RECORD EXTRACTS:
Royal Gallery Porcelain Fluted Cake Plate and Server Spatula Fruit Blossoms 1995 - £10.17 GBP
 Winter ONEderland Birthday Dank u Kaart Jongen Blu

...

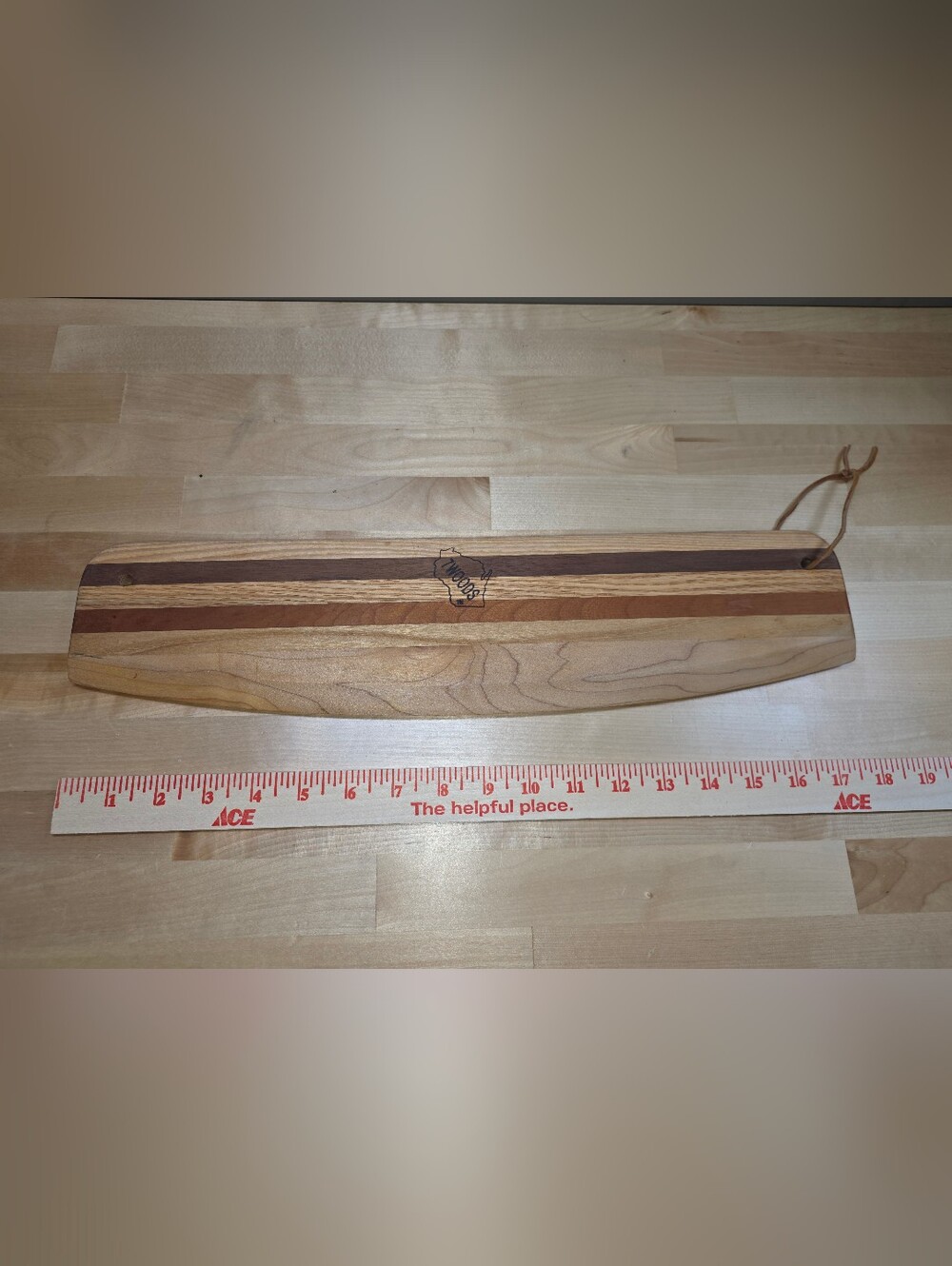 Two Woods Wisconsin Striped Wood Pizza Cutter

PROBLEM: Here the job is to set down exactly the lines of the material above that fall between the one with "Royal Gallery Porcelain" and the one with "Winter ONEderland Birthday", inclusive, and nothing beyond them.

SOLUTION:
Royal Gallery Porcelain Fluted Cake Plate and Server Spatula Fruit Blossoms 1995 - £10.17 GBP
 Winter ONEderland Birthday Dank u Kaart Jongen Blu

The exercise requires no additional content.